Along with giving a well written and thought out defence of Andy Baio, Dustin (Oneman) makes the follow points:
Nobody at the moment seems to be able to define just what it is bloggers do or, indeed, what characteristics mark a particular website out as a “blog”, as opposed to some other species of online communicating
Blogging may be like journalism, in some ways, but blogging is not journalism.
Blogging is a new phenomenon, regardless of its precedents, and ambiguity of form and function is welcome in new forms of social interaction. Maybe in any form of social interaction. But ambiguity makes some (maybe most) people uncomfortable.
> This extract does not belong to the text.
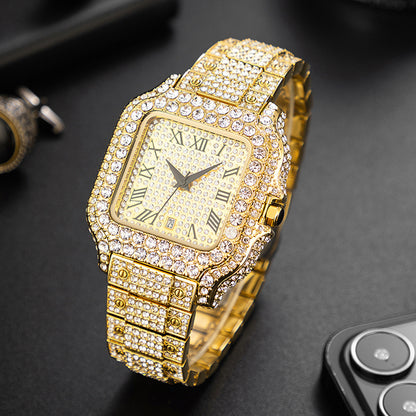 Straight European Hip Hop Diamond Quartz Wrist Watch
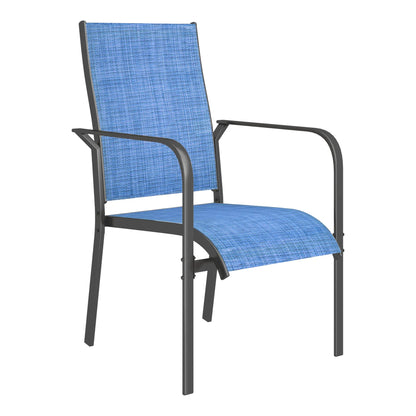 EROMMY 6 Pack Outdoor Dining Chairs, Stackable Patio Chairs with Breathable Textilene & Durable Metal Frame, Blue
They try to resolve it by comparing what it is they do with more “fixed” categories, in this case journalism.
Emma, from Notes on the Atrocities goes further in placing blogs in a social context, and their role in society.
Posts on the Web Master World forum discuss legal issues for the Star Wars Kid to stop the distribution of the video.
The issue of Blog Ethics is not a new one.
MVP99Z discussed the use of other peoples names in other blogs on kuro5hin
John Adams spends an entire entry on the subject at The Master Pen
Many other sites have also considered various aspects of standards and ethics for blogs.
For once :-) this writer will not preach from the pulpit.
Freedom of choice, expression and opinion are fundamentals in a democratic society, and as such we must defend this right.
Hence, standards should not be imposed on blogs, however ethical practice and standards should be encouraged.
Saying this we welcome all comments for and against. For it is as a collective in which we should attempt to reach consensus.
There is also a Star Wars Kid video poll on the main page of the Blog Herald and link to a stream copy of the video. Although being vocal on the subject of displaying the video, and at the risk of being accused of hypocrisy, we are willing to concede that the Star Wars Video is out there, is highly popular, and people are looking for it, and they have been looking for it here, and in all honesty we are tired of replying to emails from people looking for the link. View it if you may, but please take time to think about the humiliation and hurt it is causing him, and should you be inclined give some feedback to the Blog Herald.